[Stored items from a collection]
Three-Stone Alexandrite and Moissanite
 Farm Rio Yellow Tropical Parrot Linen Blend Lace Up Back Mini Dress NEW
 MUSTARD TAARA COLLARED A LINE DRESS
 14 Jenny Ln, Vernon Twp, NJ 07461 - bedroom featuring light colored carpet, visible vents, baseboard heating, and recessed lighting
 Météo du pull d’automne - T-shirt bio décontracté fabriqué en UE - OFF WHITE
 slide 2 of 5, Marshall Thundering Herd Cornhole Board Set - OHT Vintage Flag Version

| WHAT TO PRODUCE |
Once more, write out all of the entries above exactly.

| SOLUTION FOR THIS PROBLEM |
Three-Stone Alexandrite and Moissanite
 Farm Rio Yellow Tropical Parrot Linen Blend Lace Up Back Mini Dress NEW
 MUSTARD TAARA COLLARED A LINE DRESS
 14 Jenny Ln, Vernon Twp, NJ 07461 - bedroom featuring light colored carpet, visible vents, baseboard heating, and recessed lighting
 Météo du pull d’automne - T-shirt bio décontracté fabriqué en UE - OFF WHITE
 slide 2 of 5, Marshall Thundering Herd Cornhole Board Set - OHT Vintage Flag Version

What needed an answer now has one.